The bull market is back at full strength...
Back in November of last year, I talked extensively about a market breadth indicator called the advance-decline line (AD line) -- a technical-analysis tool that charts the number of advancing stocks minus the number of declining stocks. This indicator is a telling sign of what's going on beneath the surface.
For instance, if the market is hitting new highs, you would look at this indicator to make sure it, too, was advancing and hitting new highs. This would show strong participation in the market and confirm the bullish trend. However, if the AD line fails to keep pace with the underlying index, this is a sign of weakness in the market, signaling a bearish divergence.
In my original discussion, I pointed out that the AD line revealed a bearish divergence in late September. A week later, the market selloff began and didn't let up until December 24.
I touched on this indicator once again in late January, along with another one -- the Coppock Curve.
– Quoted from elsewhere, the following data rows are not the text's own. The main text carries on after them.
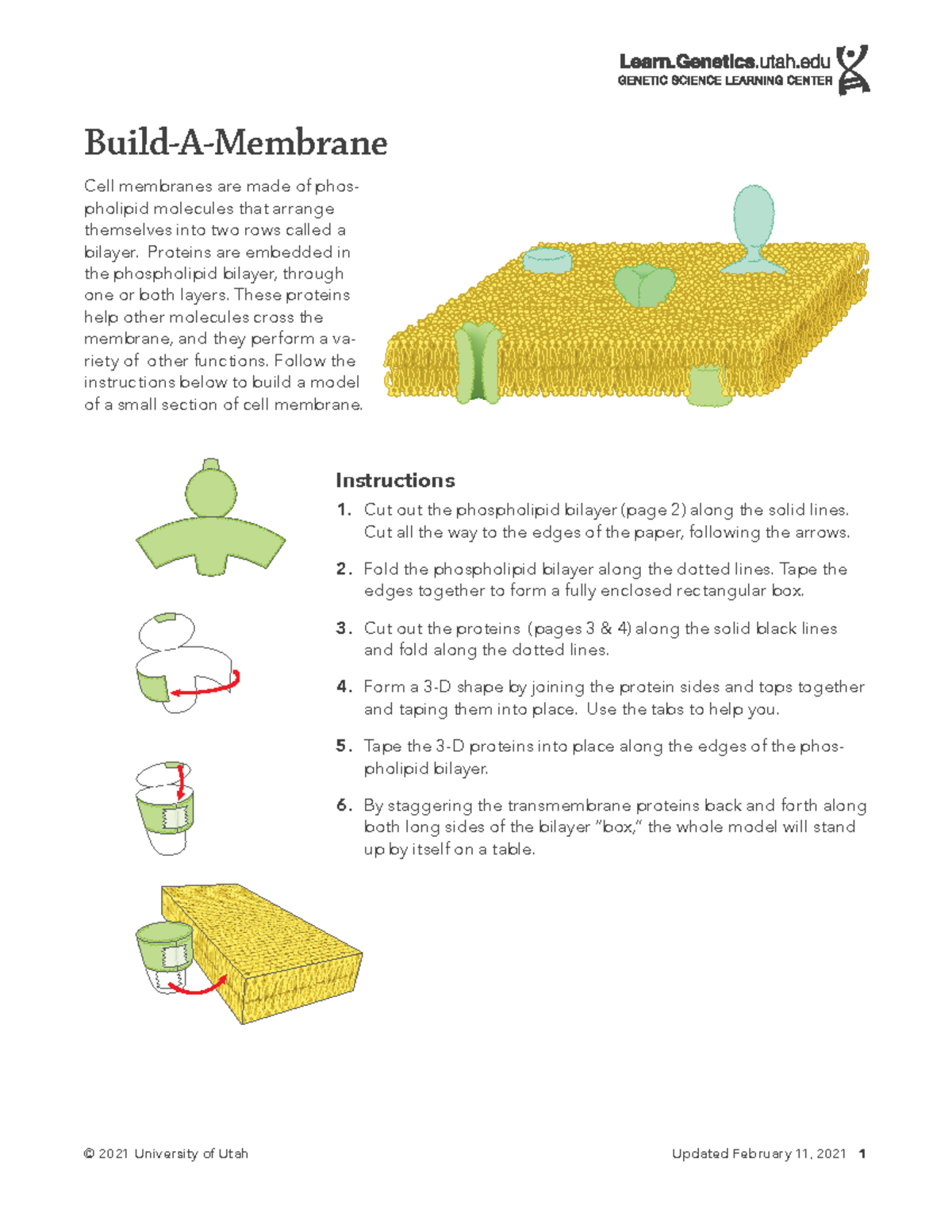 Build-a-membrane-1 - Building a membrane - © 2021 University of Utah ...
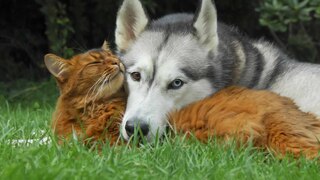 tiere suchen ein zuhause ard mediathek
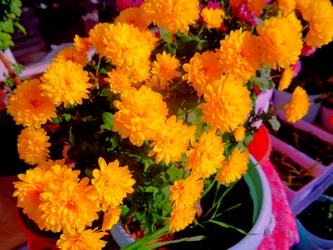 chrysanthemums1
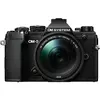 Image de OM-5 noir + ED 14-150mm f/4-5.6 II MSC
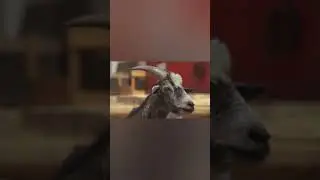 close up vide&ograve; of a goat #short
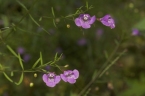 Agalinis tenuifolia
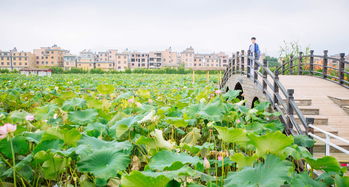 悦莲庄园门票优惠预订：一场说走就走的坑爹之旅
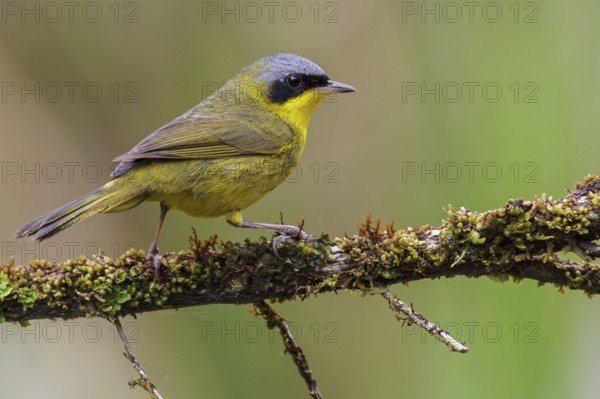 Masked Yellowthroat (Geothlypis aequinoctialis) perched on a branch in the Atlantic rainforest of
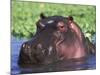 Hippopotamus Head Above Water, Kruger National Park, South Africa-Tony Heald-Mounted Photographic Print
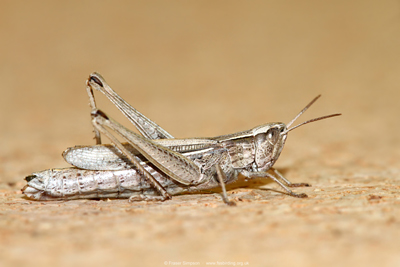 Lesser Marsh Grasshopper (Chorthippus albomarginatus) - female  Fraser Simpson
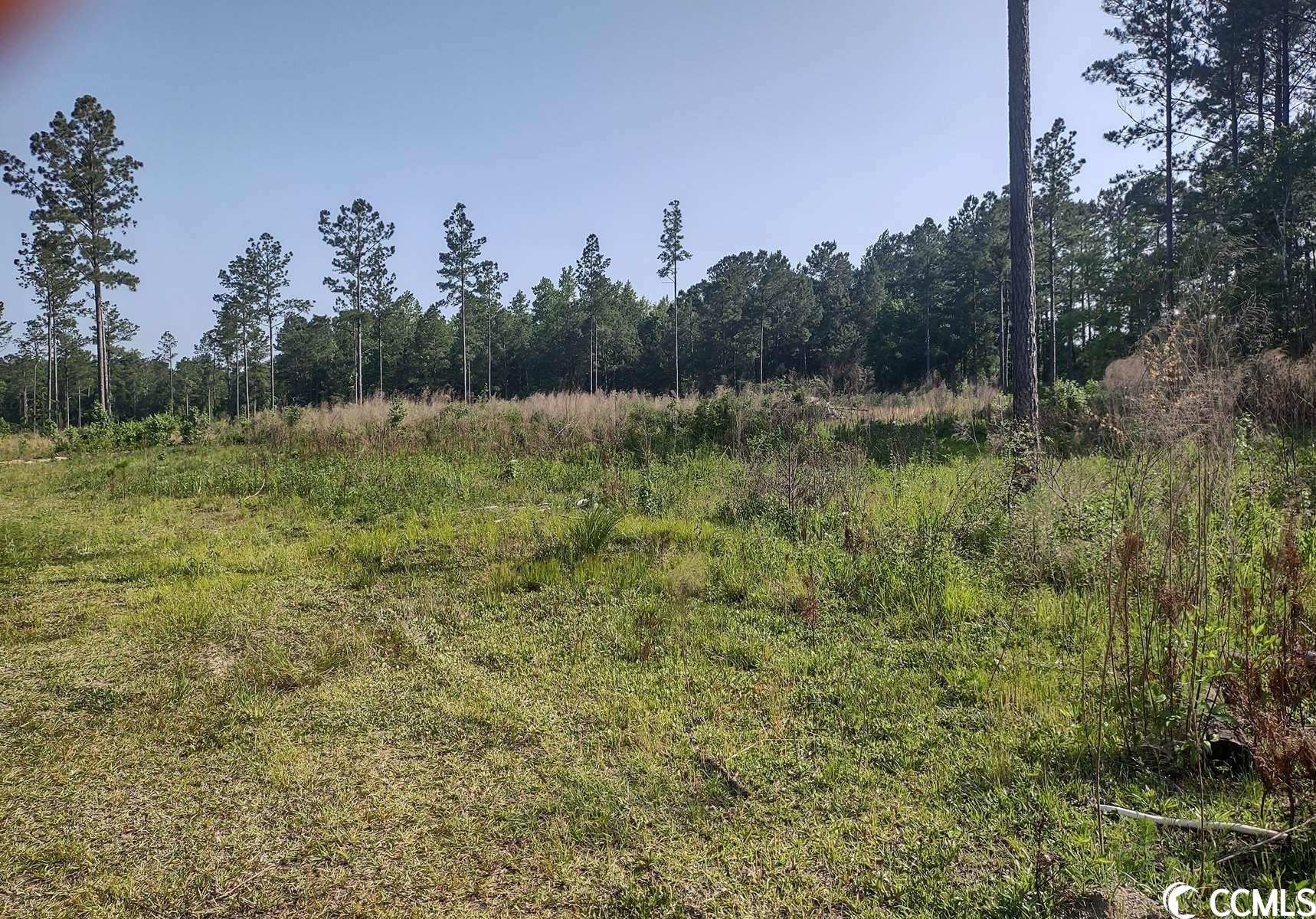 814 Ray Road Hemingway, SC 29554 - Photo 4 of 9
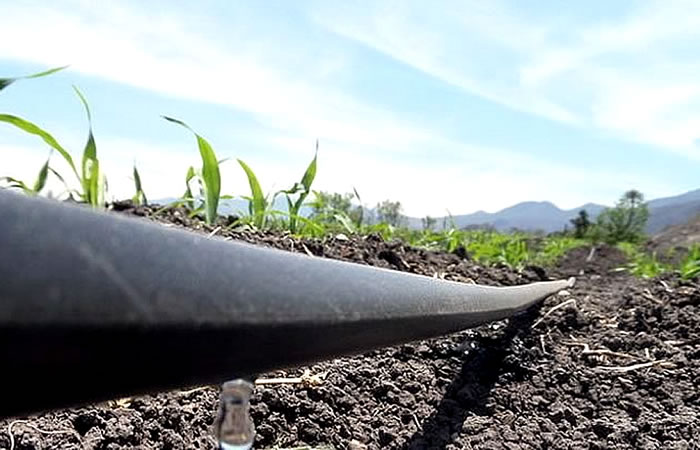 Riegos por aspersión o goteo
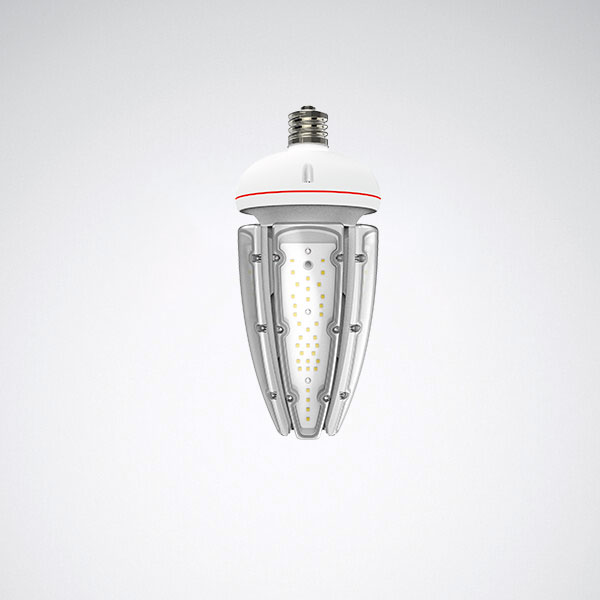 Hana LED Corn Light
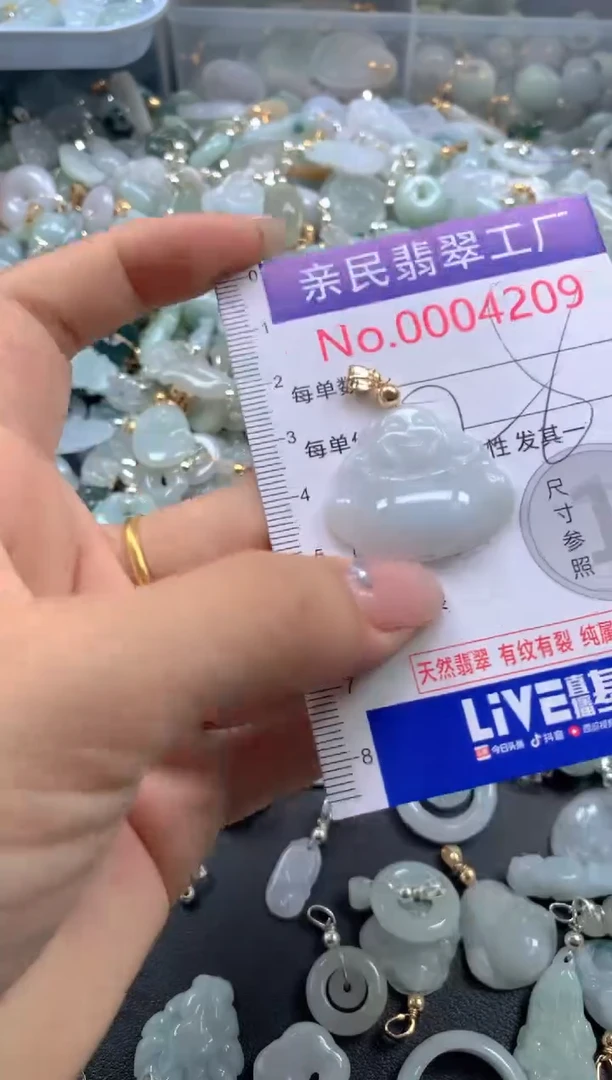 颈饰未镶嵌翡翠4209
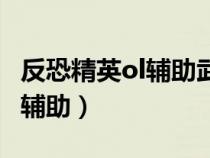 反恐精英ol輔助武器是什么（反恐精英ol佳佳輔助）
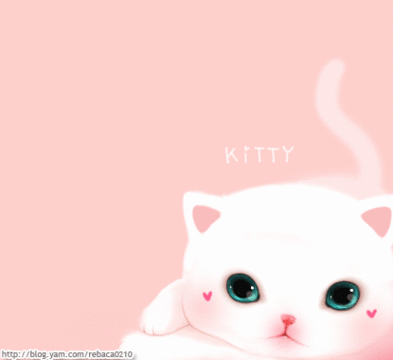 猫咪 可爱 呆萌 Kitty 粉色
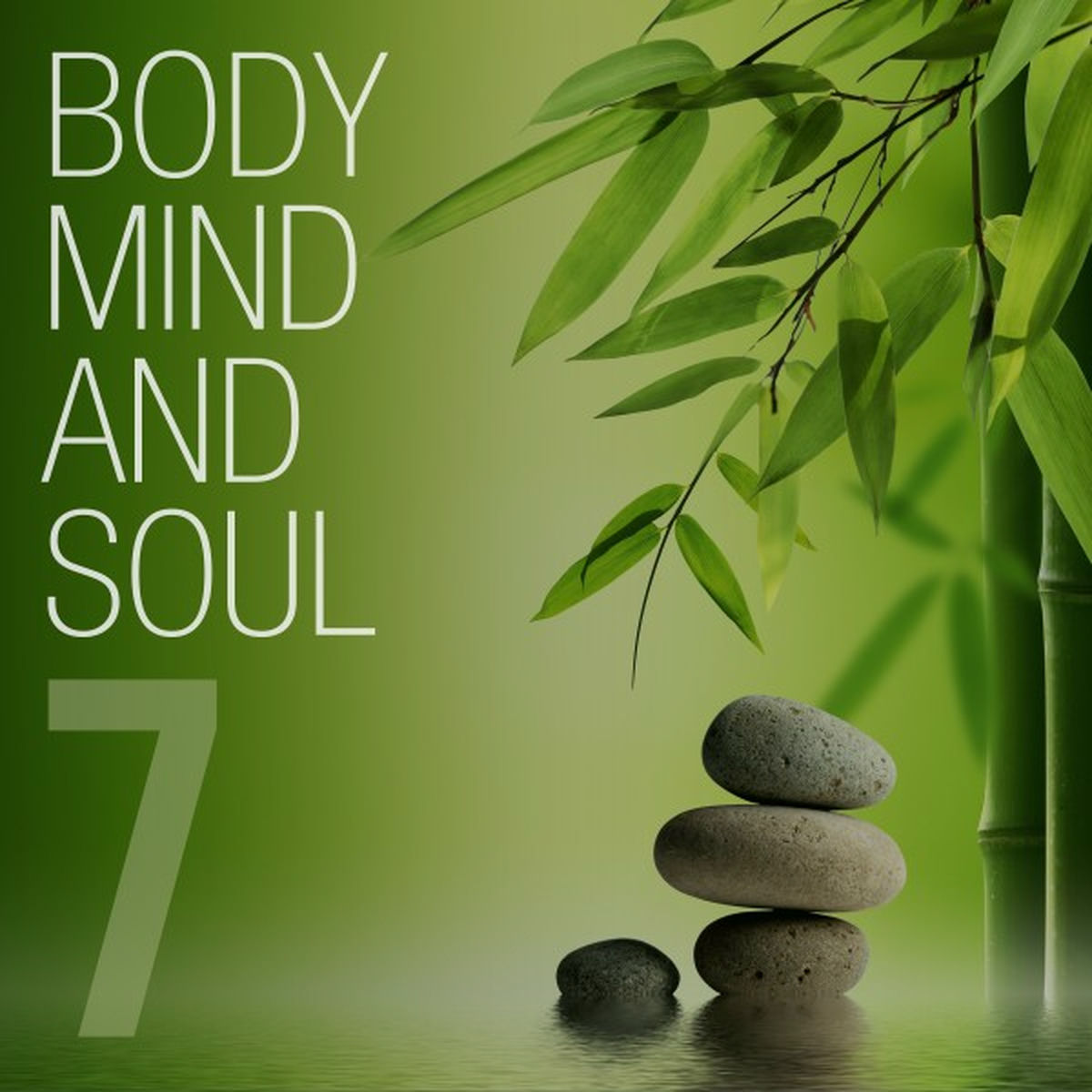 Album cover of Body Mind and Soul, Vol. 7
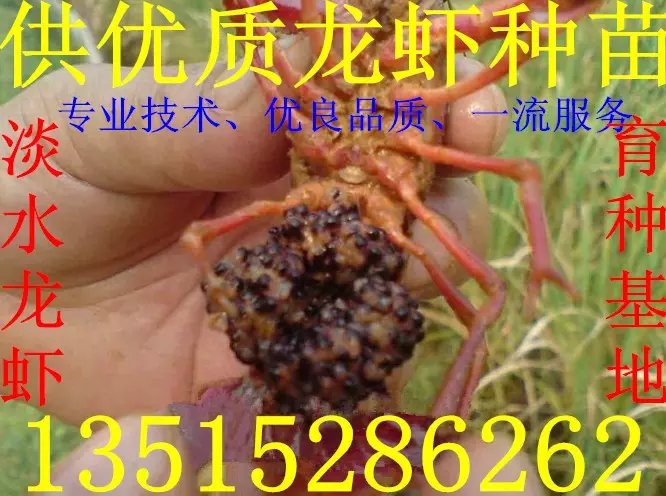 供应小龙虾苗种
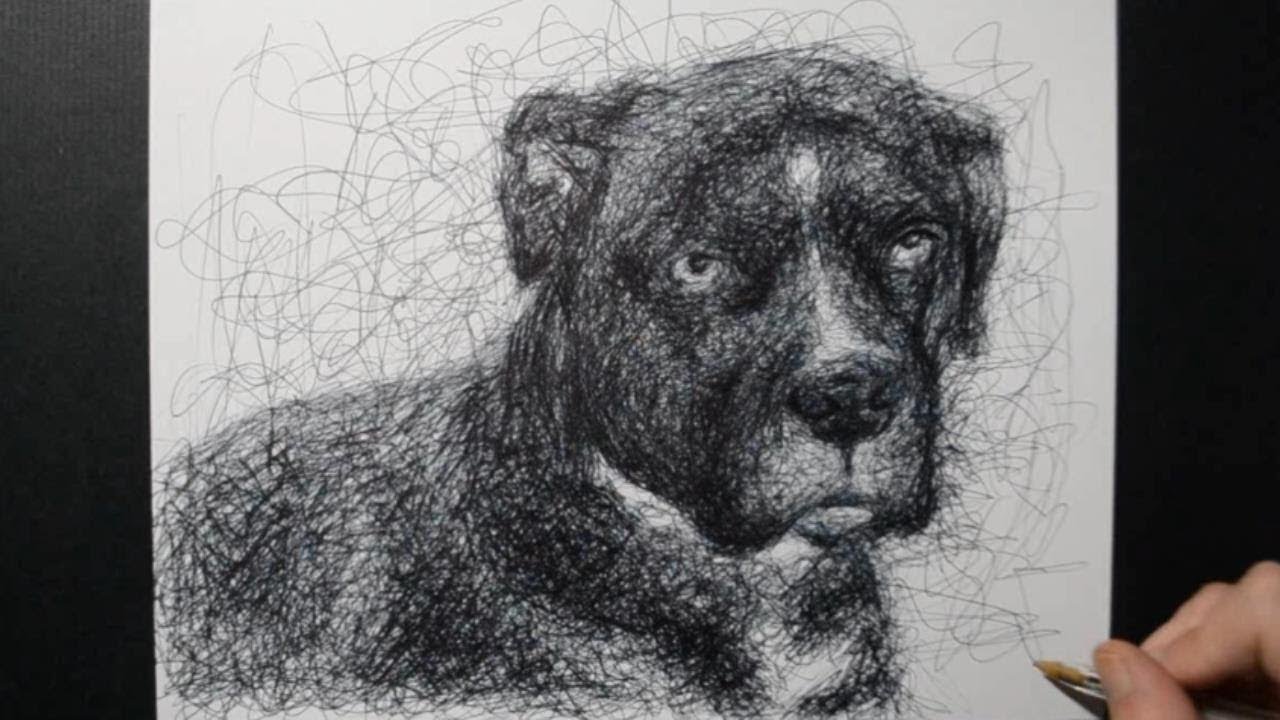 Draw Your Pets / Fan Request / Ballpoint Pen Drawing Sketch / Day 066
These two indicators, along with my Maximum Profit system, were showing bullish characteristics.
We took those bullish signals and loaded up on stocks... and we've been nicely rewarded. The market is up more than 4.5% in the three weeks since that late January issue, and the four stocks we added at that time are all doing even better, with each outpacing the broader market. Combined they are up an average 11.7%.
Just last week the AD line reached new all-time highs, which tells me that the bull market is officially back. The last time we saw the AD line race out and hit new highs before the underlying index -- the NYSE Composite Index in this case -- the market followed suit shortly after.
It seems that investors are ready to put the miserable fourth quarter behind them and begin buying stocks again. Fortunately, we've been one step ahead with our Maximum Profit system, and the flagged four new buys last week to further take advantage of the renewed bull market.
It's not too late to take advantage of these bullish trends, but there are a few things to keep in mind...
Even in the face of several bullish indicators, though, there still are a couple of wild cards we need to watch. Namely, the trade war with China, and the Fed's stance on interest rates. The Fed has been accommodative recently, but it could quickly change its tune as this bull market begins to pick up steam. As for the trade negotiations with China, as I write it is looking as if genuine progress is being made toward a broad agreement. But that, too, could turn on a dime.